The last time the MPC met under the previous administration was in May, and since then, the regulatory bank has missed two meetings: in July and September, and it’s not clear if the November 10 meeting will be held.
While it’s understandable that the MPC meeting has taken a backseat in the top priority of the regulatory bank due to the change in leadership and the clear loads of responsibility trusted on the news leadership to clean up the aegis stable, the need for the meeting on the country monetarists remains important.
One of the key mandates of the regulatory body is to maintain price stability in the economy through the deployment of monetary tools, which include interest rates and clear-cut management of the country’s forex reserve and financial system.

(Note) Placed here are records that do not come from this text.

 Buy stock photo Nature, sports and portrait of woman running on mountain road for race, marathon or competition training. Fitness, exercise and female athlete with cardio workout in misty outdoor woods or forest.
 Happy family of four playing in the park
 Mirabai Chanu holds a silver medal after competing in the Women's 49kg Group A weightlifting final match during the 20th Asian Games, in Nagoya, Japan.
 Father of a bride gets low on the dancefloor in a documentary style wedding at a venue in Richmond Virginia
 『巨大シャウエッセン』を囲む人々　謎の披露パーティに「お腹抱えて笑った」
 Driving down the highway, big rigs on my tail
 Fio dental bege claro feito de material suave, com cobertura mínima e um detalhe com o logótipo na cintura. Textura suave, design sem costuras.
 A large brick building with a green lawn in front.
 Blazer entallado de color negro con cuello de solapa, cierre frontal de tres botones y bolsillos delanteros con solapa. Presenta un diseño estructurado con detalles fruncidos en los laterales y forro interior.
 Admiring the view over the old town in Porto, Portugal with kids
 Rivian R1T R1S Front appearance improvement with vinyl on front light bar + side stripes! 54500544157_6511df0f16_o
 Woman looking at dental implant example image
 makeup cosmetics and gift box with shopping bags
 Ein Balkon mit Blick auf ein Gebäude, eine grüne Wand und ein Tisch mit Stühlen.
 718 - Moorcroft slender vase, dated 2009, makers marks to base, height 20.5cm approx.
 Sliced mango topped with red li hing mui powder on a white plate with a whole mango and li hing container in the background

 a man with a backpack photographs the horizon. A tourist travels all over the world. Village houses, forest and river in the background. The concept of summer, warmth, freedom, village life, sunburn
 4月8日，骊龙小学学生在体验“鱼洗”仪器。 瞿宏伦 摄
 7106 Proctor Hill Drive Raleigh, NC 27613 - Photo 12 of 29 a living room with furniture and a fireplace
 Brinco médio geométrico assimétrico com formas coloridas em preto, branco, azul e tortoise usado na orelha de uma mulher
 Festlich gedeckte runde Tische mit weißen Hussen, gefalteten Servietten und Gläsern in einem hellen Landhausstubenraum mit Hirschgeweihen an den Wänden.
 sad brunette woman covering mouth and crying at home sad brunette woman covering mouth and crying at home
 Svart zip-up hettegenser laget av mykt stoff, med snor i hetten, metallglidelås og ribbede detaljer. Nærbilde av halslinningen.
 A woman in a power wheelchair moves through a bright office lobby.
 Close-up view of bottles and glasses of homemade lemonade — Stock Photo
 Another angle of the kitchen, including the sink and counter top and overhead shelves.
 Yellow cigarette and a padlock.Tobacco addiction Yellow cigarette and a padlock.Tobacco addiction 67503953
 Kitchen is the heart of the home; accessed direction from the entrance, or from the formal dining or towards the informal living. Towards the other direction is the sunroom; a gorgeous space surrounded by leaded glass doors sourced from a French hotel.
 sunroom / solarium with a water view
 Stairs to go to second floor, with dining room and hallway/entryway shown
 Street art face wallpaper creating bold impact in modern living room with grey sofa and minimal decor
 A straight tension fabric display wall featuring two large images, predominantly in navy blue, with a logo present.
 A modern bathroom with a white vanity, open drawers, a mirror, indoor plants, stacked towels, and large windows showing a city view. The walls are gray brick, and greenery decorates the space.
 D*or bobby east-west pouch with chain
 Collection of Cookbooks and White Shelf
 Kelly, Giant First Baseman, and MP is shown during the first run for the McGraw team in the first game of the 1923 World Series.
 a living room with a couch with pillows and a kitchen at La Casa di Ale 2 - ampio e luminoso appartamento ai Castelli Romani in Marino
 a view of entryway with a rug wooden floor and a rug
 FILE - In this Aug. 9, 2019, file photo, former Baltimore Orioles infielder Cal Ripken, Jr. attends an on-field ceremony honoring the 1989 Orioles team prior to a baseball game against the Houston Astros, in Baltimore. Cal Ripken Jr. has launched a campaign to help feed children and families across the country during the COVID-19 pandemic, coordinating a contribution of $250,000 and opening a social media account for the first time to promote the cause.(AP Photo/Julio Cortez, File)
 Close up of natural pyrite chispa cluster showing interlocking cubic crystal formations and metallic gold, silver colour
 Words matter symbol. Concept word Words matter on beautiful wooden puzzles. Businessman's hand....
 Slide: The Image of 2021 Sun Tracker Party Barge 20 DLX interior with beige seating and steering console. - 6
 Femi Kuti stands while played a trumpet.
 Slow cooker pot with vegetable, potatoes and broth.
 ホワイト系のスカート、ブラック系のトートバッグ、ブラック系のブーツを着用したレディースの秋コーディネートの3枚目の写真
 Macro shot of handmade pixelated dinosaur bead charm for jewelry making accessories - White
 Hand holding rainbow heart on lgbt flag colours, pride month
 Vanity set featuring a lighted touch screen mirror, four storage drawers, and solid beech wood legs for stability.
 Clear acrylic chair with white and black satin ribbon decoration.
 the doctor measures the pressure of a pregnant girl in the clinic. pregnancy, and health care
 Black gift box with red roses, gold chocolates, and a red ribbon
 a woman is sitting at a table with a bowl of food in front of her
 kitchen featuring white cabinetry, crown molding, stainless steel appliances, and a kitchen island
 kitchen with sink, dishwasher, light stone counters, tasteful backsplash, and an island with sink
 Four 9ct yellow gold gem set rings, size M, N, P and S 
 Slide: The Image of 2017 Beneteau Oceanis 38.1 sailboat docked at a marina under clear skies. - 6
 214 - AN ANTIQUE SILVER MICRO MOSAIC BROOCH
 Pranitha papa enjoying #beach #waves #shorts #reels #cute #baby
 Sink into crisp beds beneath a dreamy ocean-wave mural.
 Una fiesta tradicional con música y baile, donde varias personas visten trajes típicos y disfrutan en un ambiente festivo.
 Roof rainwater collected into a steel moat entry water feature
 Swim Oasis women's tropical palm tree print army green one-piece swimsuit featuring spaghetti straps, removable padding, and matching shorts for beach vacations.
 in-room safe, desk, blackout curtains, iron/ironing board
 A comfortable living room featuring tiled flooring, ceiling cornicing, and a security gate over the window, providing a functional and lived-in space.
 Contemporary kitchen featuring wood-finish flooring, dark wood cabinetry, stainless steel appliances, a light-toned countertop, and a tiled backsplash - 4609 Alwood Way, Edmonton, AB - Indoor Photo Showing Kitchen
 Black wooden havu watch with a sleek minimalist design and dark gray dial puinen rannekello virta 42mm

Since the establishment of the MPC by a former governor of the bank, Charles Soludo, the monetarists have continued to play significant roles in providing direction for economic planning and ensuring the sharpening of monetary tools to drive growth and stability in the economy.
Data plays a central role in economic planning by various agents, including businesses, investors, consumers, and government entities, and the meeting of the MPC has over the years acted as a veritable source of monetary data and clarity of policy direction.
This data serves as a critical tool for making informed financial and economic decisions, managing risks, and aligning strategies with the prevailing monetary policy environment.
It fosters transparency, consistency, and predictability in Nigeria’s economic landscape.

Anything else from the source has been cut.